The idea of forming a new touring band, which would eventually be known as the Rolling Thunder Revue, flowed from watching Smith interact with her loose and adventuresome group. Acting quickly, enlisting his friend Bob Neuwirth to gather a basic backing band, by Oct. 30 Dylan was able to debut his new carnival-like concept in Plymouth, Mass. with Joan Baez, Ramblin’ Jack Elliott and Neuwirth listed on promotional posters and advertisements, just under his own name. Neuwirth called the core players “Guam,” thinking the name evoked a tropical paradise.

Over the life of the Revue, which lasted until December 8 on the first leg and from April 18 to May 25 during the spring 1976 trek of 22 shows, there were numerous (often unannounced) guests, including Joni Mitchell, Gordon Lightfoot, Roger McGuinn, Kinky Friedman and Allen Ginsberg. “Guam” expanded and contracted according to Dylan’s musical needs and whims, but among the core musicians were Rob Stoner on bass, guitarists Steve Soles, T Bone Burnett and Mick Ronson, drummer Howie Wyeth, multi-instrumentalist David Mansfield, vocalist Ronee Blakley and, perhaps most crucially, violinist Scarlet Rivera.

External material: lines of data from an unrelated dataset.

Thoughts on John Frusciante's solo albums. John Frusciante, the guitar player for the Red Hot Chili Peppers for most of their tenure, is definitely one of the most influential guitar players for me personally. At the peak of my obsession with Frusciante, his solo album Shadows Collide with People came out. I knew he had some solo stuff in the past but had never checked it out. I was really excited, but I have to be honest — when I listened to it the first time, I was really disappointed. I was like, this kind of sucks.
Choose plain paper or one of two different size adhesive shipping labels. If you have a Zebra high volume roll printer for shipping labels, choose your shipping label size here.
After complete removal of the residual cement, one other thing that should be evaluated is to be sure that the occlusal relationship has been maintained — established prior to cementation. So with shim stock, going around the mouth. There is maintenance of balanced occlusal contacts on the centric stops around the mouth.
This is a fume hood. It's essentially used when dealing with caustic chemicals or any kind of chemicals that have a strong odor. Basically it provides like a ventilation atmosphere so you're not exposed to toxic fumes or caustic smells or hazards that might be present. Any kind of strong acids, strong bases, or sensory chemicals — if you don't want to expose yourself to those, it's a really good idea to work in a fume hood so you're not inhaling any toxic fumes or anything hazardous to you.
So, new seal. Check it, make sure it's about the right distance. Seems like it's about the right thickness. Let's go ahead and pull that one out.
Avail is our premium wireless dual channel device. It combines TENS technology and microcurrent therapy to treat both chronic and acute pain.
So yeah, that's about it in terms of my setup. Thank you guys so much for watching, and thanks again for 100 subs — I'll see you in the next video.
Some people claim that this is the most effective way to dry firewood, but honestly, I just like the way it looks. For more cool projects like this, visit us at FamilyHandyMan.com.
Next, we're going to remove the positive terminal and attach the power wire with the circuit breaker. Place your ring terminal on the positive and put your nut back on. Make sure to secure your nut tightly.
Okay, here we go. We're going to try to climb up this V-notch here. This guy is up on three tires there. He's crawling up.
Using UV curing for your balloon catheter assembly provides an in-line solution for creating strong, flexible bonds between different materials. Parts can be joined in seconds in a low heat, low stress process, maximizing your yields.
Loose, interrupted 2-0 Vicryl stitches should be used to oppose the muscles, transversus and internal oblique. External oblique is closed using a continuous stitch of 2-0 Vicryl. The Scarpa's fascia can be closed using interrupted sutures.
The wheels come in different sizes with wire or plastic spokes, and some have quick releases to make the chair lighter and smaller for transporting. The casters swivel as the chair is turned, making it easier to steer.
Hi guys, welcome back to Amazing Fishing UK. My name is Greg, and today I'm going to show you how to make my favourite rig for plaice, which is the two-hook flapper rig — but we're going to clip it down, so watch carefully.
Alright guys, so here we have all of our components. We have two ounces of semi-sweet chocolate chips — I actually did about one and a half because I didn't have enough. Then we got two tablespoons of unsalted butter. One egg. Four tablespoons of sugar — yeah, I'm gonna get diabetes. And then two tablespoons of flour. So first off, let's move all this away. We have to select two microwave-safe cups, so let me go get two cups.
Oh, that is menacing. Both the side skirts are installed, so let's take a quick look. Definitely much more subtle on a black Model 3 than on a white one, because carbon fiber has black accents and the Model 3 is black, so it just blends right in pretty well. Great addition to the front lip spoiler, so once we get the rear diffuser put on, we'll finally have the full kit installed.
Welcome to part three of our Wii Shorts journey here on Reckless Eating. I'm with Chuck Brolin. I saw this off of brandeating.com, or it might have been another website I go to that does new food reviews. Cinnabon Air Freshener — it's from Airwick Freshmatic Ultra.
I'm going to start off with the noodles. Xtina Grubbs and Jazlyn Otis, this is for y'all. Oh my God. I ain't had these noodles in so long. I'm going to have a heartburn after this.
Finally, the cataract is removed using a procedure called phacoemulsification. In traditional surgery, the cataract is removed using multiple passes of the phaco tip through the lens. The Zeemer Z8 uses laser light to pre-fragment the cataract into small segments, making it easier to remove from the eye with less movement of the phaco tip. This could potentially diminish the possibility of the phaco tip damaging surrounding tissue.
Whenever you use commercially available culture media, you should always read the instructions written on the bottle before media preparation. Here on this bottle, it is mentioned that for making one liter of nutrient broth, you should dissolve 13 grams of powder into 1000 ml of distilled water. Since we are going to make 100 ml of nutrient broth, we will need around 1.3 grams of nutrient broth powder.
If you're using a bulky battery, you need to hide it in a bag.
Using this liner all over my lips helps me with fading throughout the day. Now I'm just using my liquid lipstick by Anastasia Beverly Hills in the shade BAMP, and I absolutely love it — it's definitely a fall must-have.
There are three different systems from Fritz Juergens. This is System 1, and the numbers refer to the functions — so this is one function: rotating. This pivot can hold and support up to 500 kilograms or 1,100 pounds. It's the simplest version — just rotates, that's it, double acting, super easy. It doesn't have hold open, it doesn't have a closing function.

Bob Dylan in 1975 (Photo by Ken Regan, used with permission)

In keeping with the surprising-but-true nature of much of what swirled around Dylan in 1975-76, he’d been tooling around Greenwich Village in the back of a limousine when he spotted the striking brunette Rivera walking down the sidewalk carrying a violin case. Pulling over, he talked to her a bit, and invited her to his rehearsal studio, where she spent the afternoon playing ad-hoc additions to some new songs he wanted to run through, several of which he’d recently co-written with the theatre director and songwriter Jacques Levy. “If I had crossed the street seconds earlier,” she later said, “it never would have happened.”

Dylan with Joan Baez during the Rolling Thunder Revue.

In between the two Rolling Thunder Revue tours, Dylan released his album Desire, the follow-up to his celebrated Blood on the Tracks. He’d begun recording with a July 14 session, which included various sessions musicians and members of Dave Mason’s band; it yielded nothing usable. Dylan and Levy took a break, secluding themselves in the Hamptons and eventually finished 14 songs. Those collaborations would be the subject of controversy and lawsuits for years afterward, both monetary disputes and finger-pointing about the historical details included in “Joey” (about the gangster Joey Gallo) and “Hurricane” (protesting boxer Rubin Carter’s triple-murder conviction).

Related: Our review of the Rolling Thunder Revue boxed set

A July 28 recording session, with nearly two dozen musicians available, revealed considerable conflicts between Dylan, who wanted to record mostly live, and the relatively inexperienced producer Don DeVito, who had other ideas. July 29 was a little better, with only a half dozen players on hand and one tune, “Oh, Sister,” worked up successfully.

Five of the nine songs on Desire were recorded July 30, with Stoner, Rivera, Wyeth and singer Emmylou Harris. Harris didn’t think she’d done her best work, and couldn’t make the July 31 session anyway, when “Isis,” “Sara” and “Abandoned Love” (eventually removed from the album in favor of “Joey”) were completed.

The lyrics to “Joey” were reportedly altered by Dylan during October 1975 re-recording sessions, at the insistence of Columbia Records’ lawyers, who worried that references to two witnesses in the case, Alfred Bello and Arthur Bradley, were defamatory. A new version of “Hurricane” was also cut, and was subsequently issued as a two-part single, reaching #33 on the Billboard singles chart. Blakley and Soles sing harmony, Rob Rothstein (Stoner’s given name) plays bass, Luther Rix plays congas and Wyeth drums. (Track-by-track personnel listings for Desire have been disputed by Dylan scholars for decades: Philippe Margotin and Jean-Michel Guesdon’s 700-page All the Songs: The Story Behind Every Track is one of many deep dives.)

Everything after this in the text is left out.